I cant seem to download this link for the shortcut. Ive tried to copy manually but something is going wrong. i get it to save the screenshot in my desegnated folder but then nothing/

You need to be a bit more specific as to what happens at which step... Are you trying to import the whole process - the Macro and the shortcut? The way how I have it is that at the end the result is saved in the clipboard - i.e. just CMD+V (paste) in text editor or so will give you the result of the OCR. This is how it's intended to work (per my needs).

  1. I've tried now the link of the shortcut - it works fine, once you click on the link it gets you to the shortcut and you just click - add to shortcuts on your computer (provided you have already the shortcuts app on your mac).
  2. here again all the actions - maybe this helps?
    Need more info to be able to help you...

I get this error on shortcuts.
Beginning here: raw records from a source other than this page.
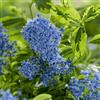 le Georgiche Vivai le Georgiche - Pianta vera di Ceanothus El Dorado C. thyrsiflorus 'El Dorado', C. 'Perado' Lillà della California 'El Dorado' - vaso Ø 15 cm - altezza alla vendita 20-30 cm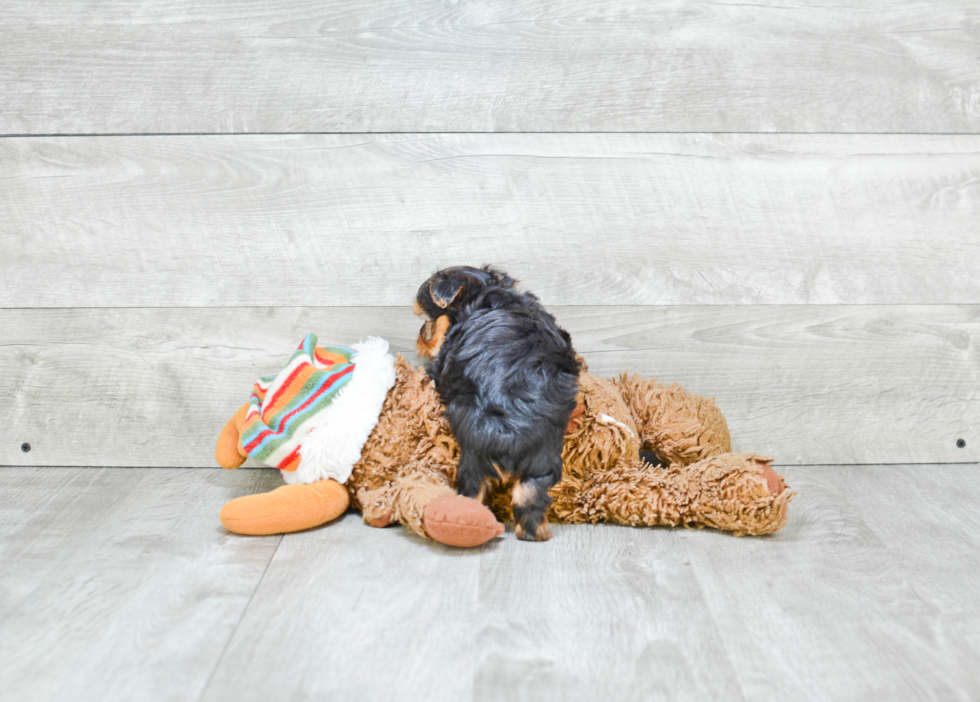 Morkie Puppy for Adoption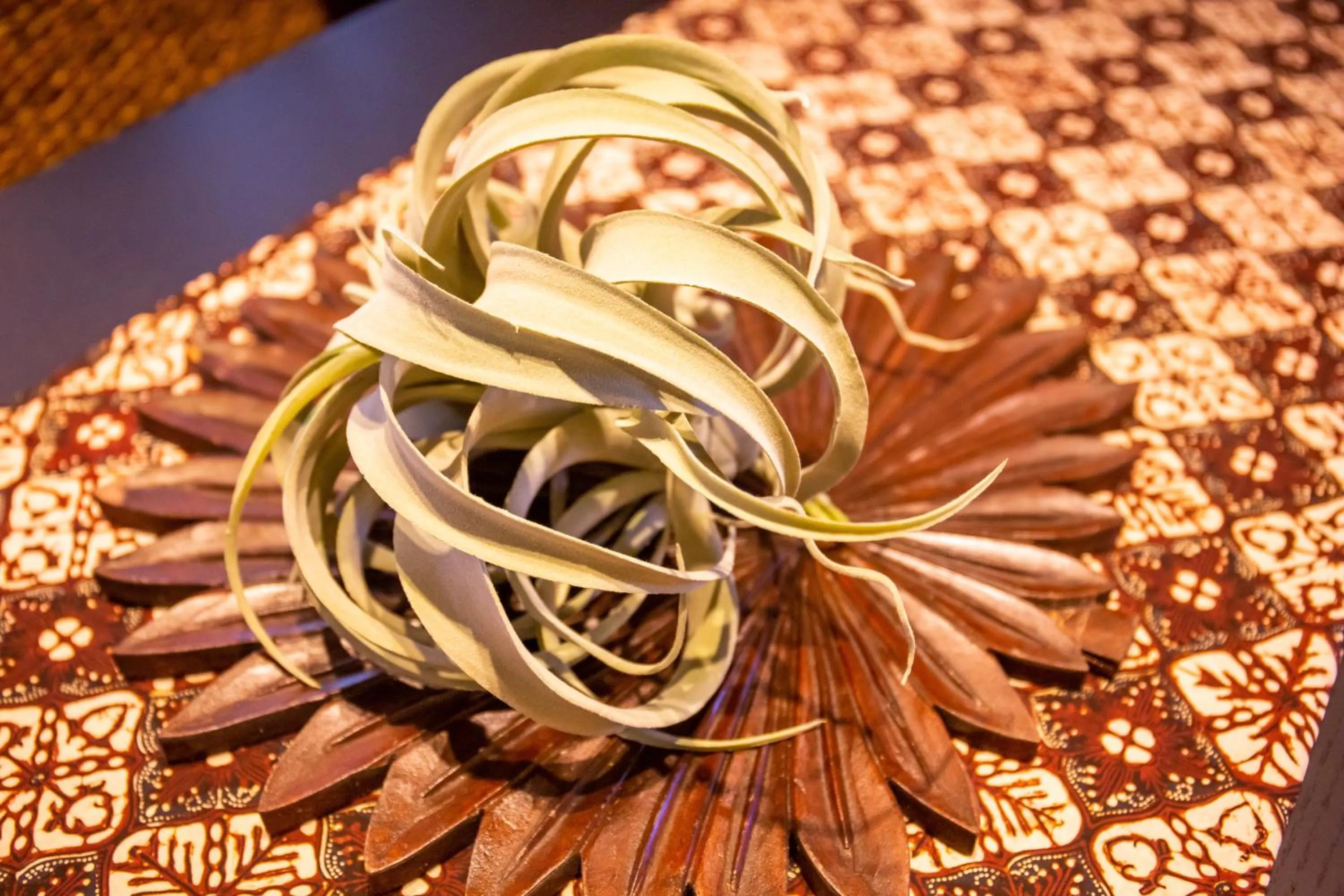 Photo of the whole room in Rizo Zaizen Hotel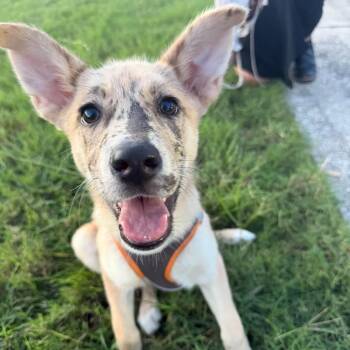 German Shepherd Dog and Catahoula Leopard Dog Dogs Available for Adoption in Houston, Texas - Little Girl | PetCurious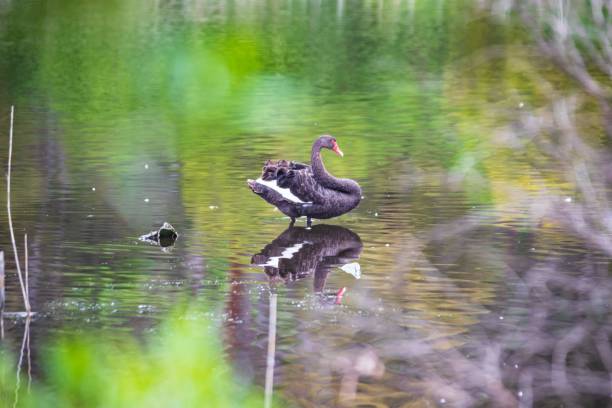 Elegant Black Swan Gliding Through Tranquil Waters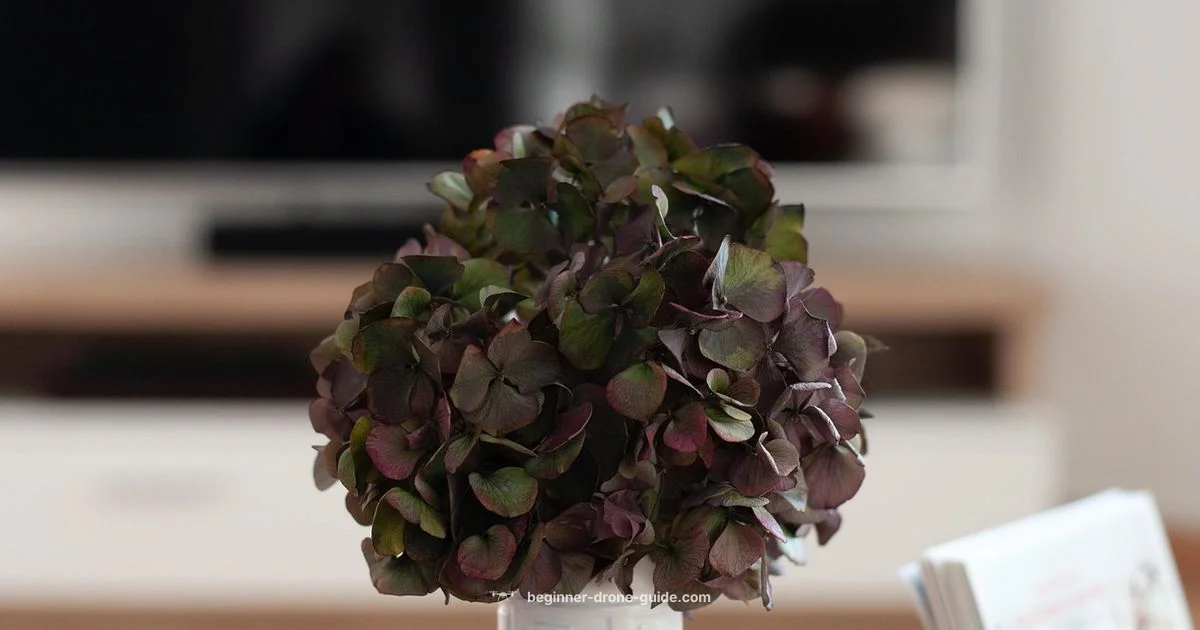 Best Mini Drone Guide - Beginner Drone Guide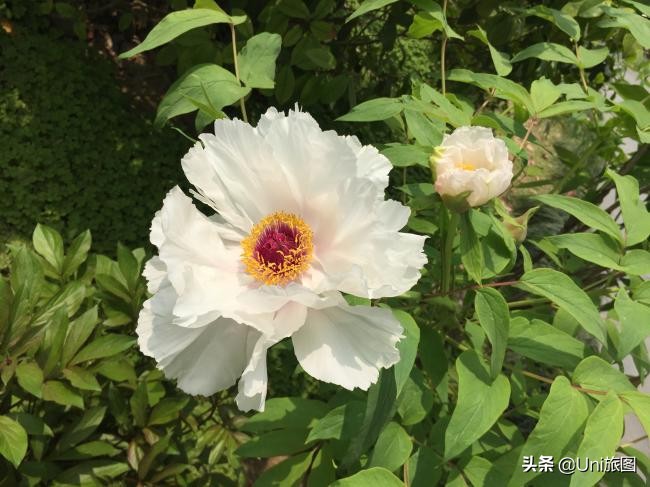 海外华人2019故乡行：去看看水漫金山的镇江金山江天禅寺，这个才是真正的金山寺，它今年真的没有被淹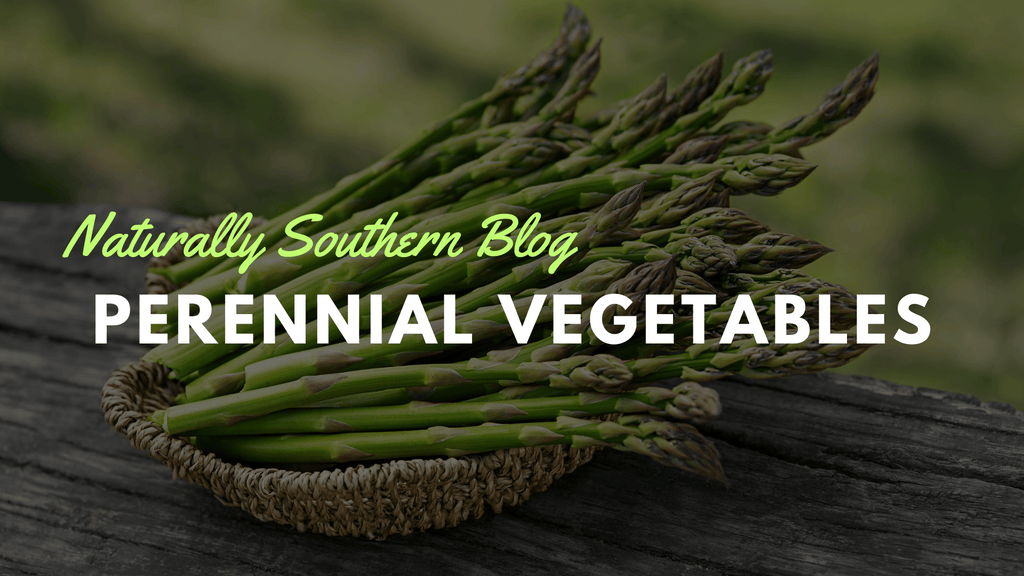 Cultivating Sustainability: Top Perennial Vegetables for Your Garden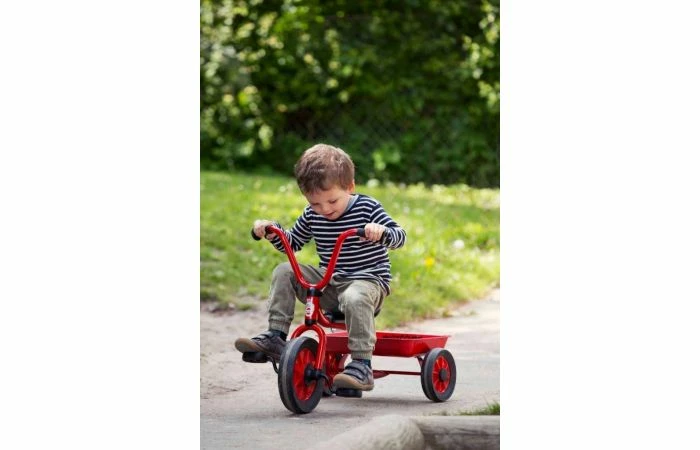 Winther Driewieler Met Laadbak 522440 - Afbeelding 2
If i Paste after doing this macro it just pastes the actual screenshot.

OK i used safari and got the shortcut imported properly. the warning no longer showing up but after running macro and pasting in say Notes theres just blank

Good point about the Safari.. haven't thought about it.
I'm not that huge expert, this is why I just import the macros and edit only the path... In your case I see you used different variable, which you set in the first step:
Set Variable - LOCAL__Screen
This needs to be the same variable in the Shell Script execution, there you used "Var"...
i.e. in the Shell script - change the save to variable to be LOCAL__Screen, then in the last step it will be %Variable%LOCAL__Screen%

Then it should work... Or just really copy/paste my setup :slight_smile: